Work to be completed -> Below are records; print only the lines from the line containing "vidaXL Bettgestell mit" to the end, both included, reproduced exactly and without the pictures.

Data for analysis ->
# # # #
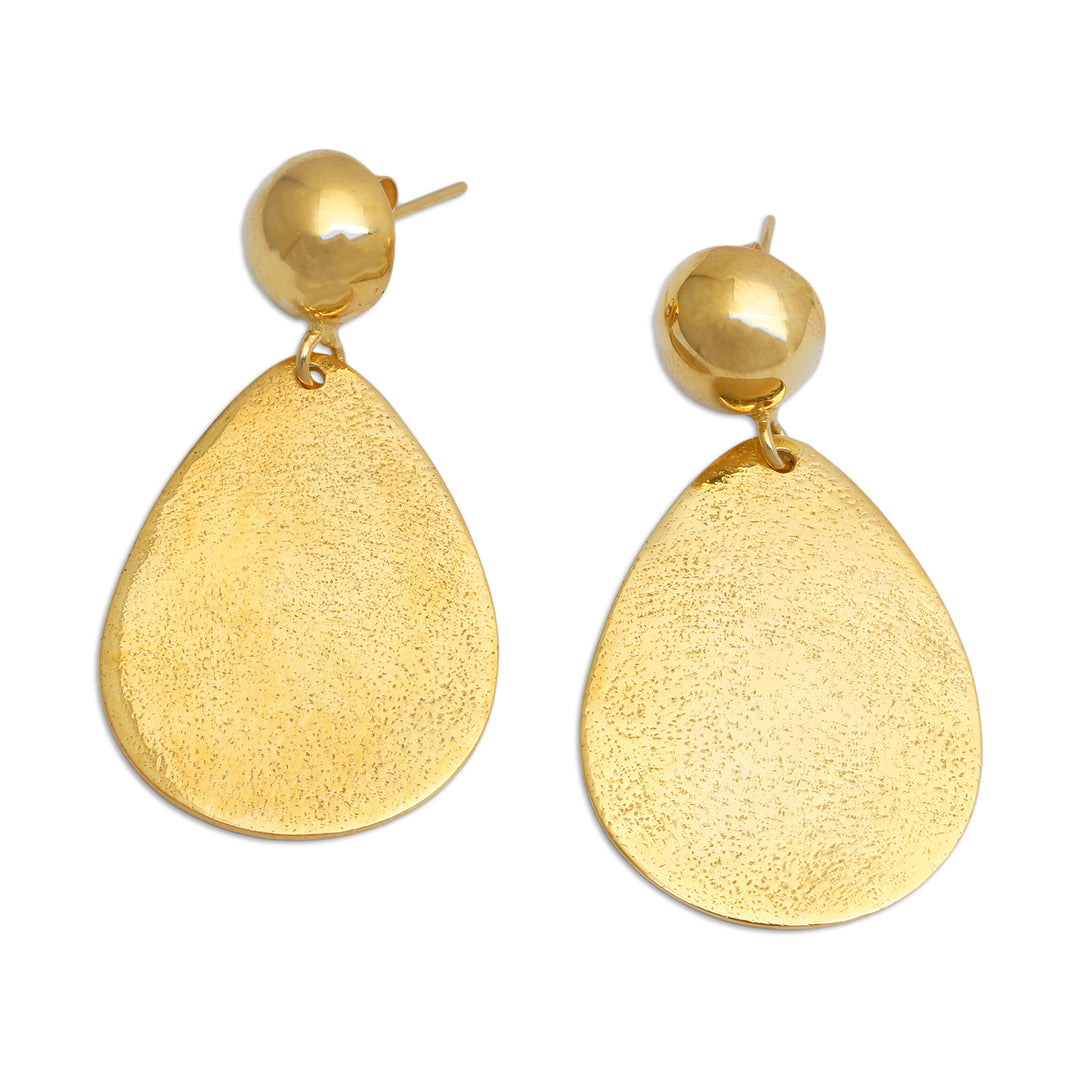 Pear-Shaped 18k Gold-Plated Brass Dangle Earrings from Bali - Golden Reflection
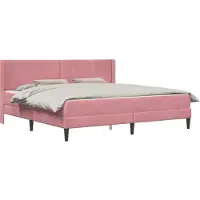 vidaXL Bettgestell mit Matratze mit Kopfteil Rosa 180 x 200 cm Samt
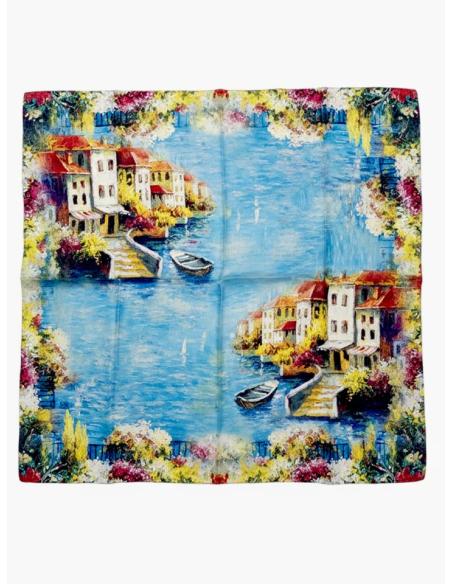 PAÑUELOS SEDA MULTICOLOR PUEBLO COSTERO ITALIANO | MODA MUER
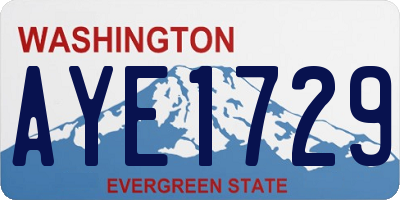 WA license plate AYE1729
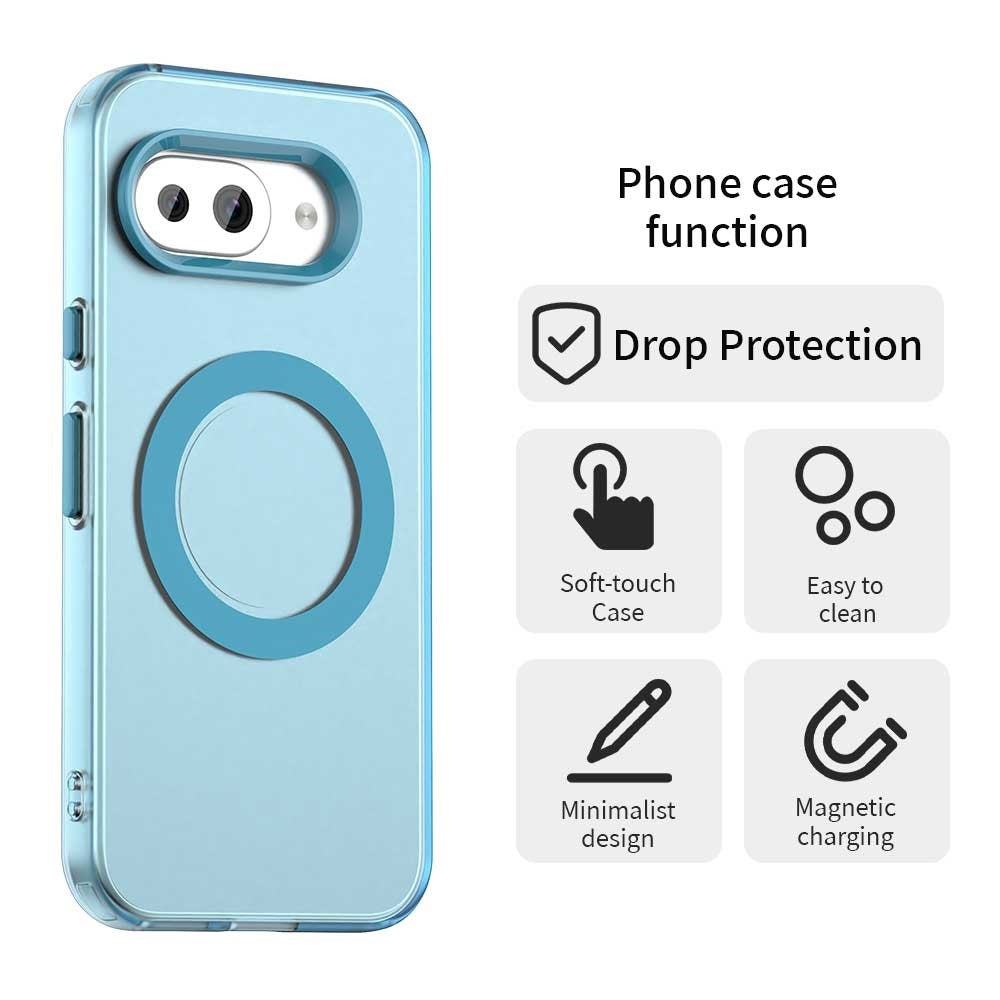 EIDERWOOD Google Pixel 9a Hybrid Plastic Case - MagSafe Compatible - Transparent / Blue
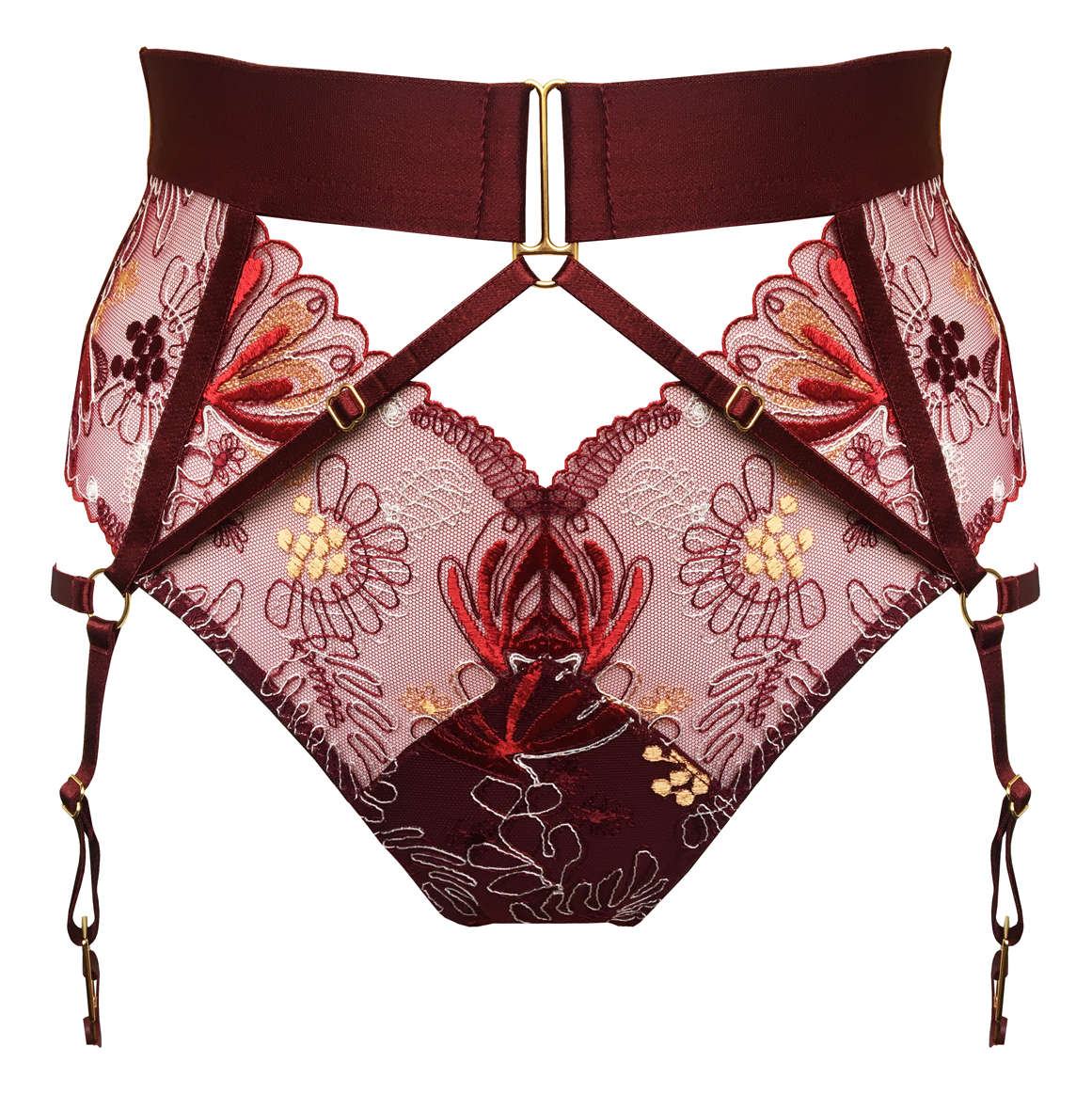 Botanica high waist brief by Bordelle - morello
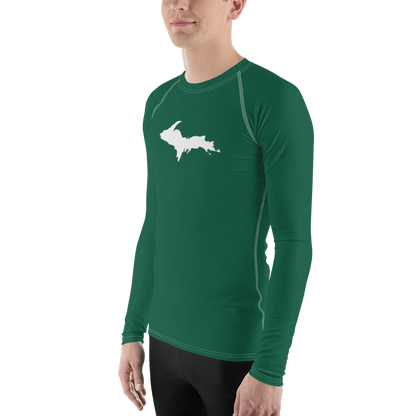 Michigan Upper Peninsula Rash Guard (w/ UP Outline) | Men's - Superior Green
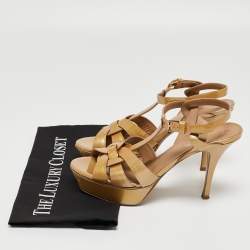 Pre Owned Saint Laurent Mustard Patent Leather Tribute Sandals Size 37.5
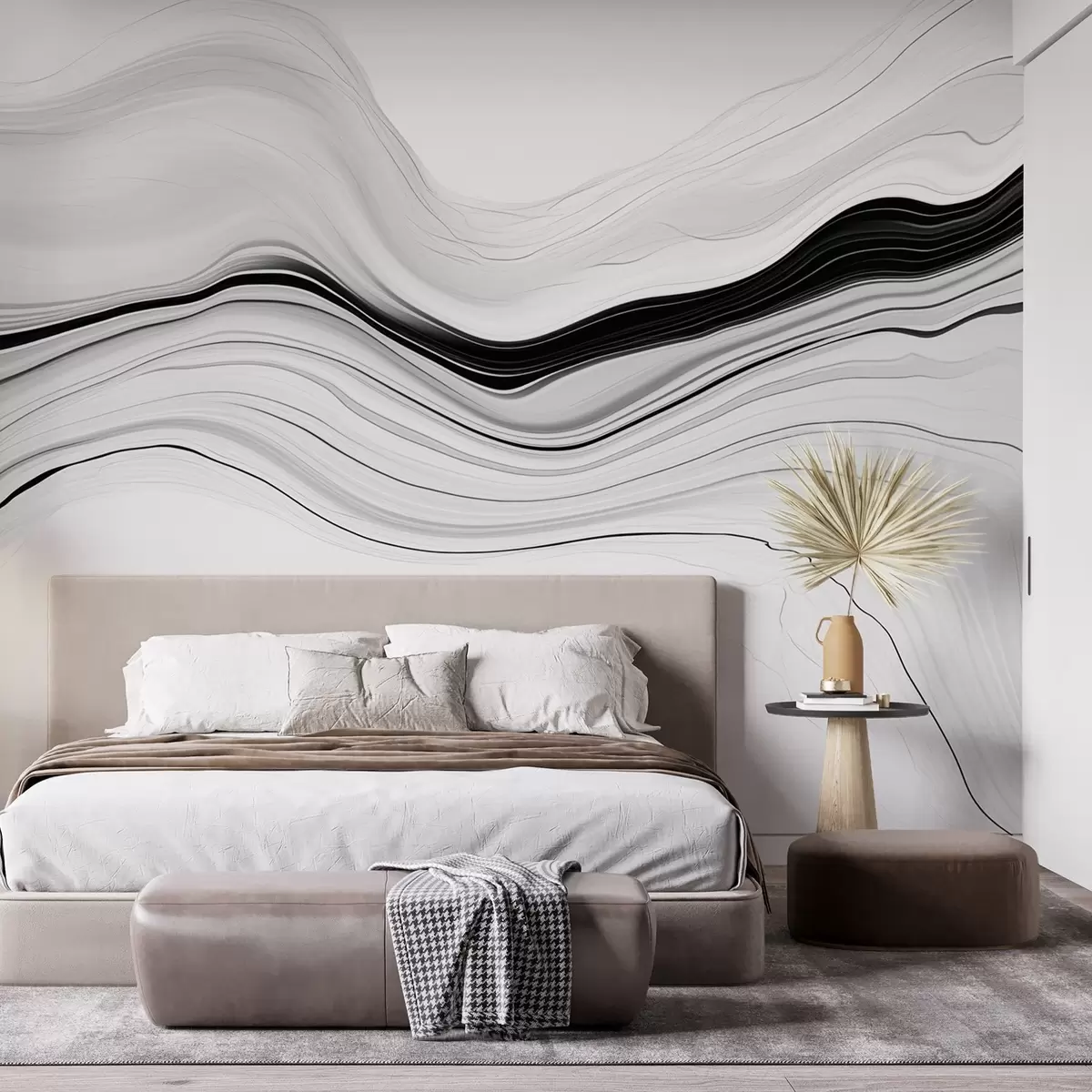 murales de pared Motivo en blanco y negro con efecto de capas de mármol w09358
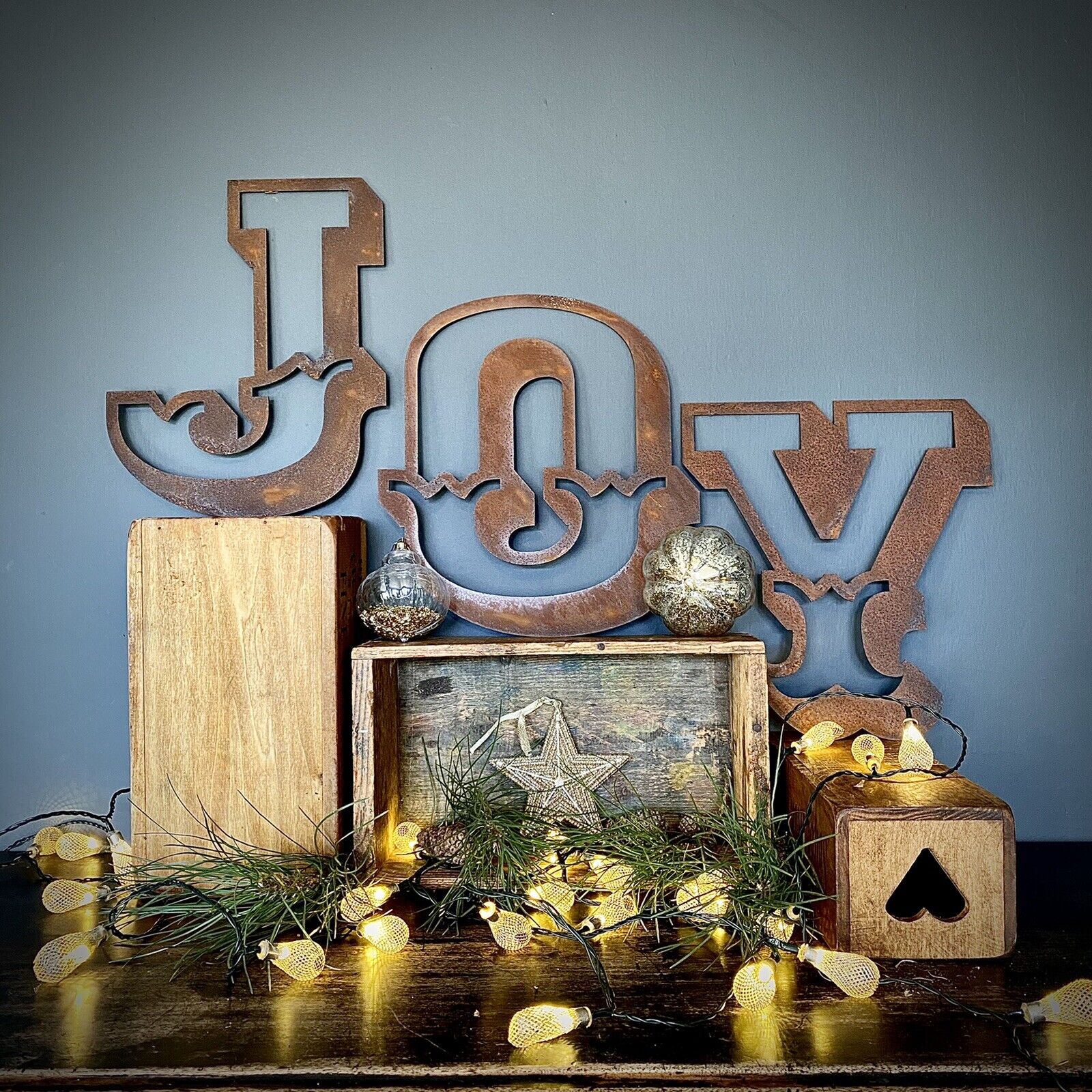 Rustic Warehouse Norfolk - Christmas Mantle Fireplace Decoration JOY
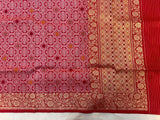 Red Pure Banarasi Handloom Katan Silk Dupatta - Aura Benaras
# # # #
Task result ->
 vidaXL Bettgestell mit Matratze mit Kopfteil Rosa 180 x 200 cm Samt
 PAÑUELOS SEDA MULTICOLOR PUEBLO COSTERO ITALIANO | MODA MUER
 WA license plate AYE1729
 EIDERWOOD Google Pixel 9a Hybrid Plastic Case - MagSafe Compatible - Transparent / Blue
 Botanica high waist brief by Bordelle - morello
 Michigan Upper Peninsula Rash Guard (w/ UP Outline) | Men's - Superior Green
 Pre Owned Saint Laurent Mustard Patent Leather Tribute Sandals Size 37.5
 murales de pared Motivo en blanco y negro con efecto de capas de mármol w09358
 Rustic Warehouse Norfolk - Christmas Mantle Fireplace Decoration JOY
 Red Pure Banarasi Handloom Katan Silk Dupatta - Aura Benaras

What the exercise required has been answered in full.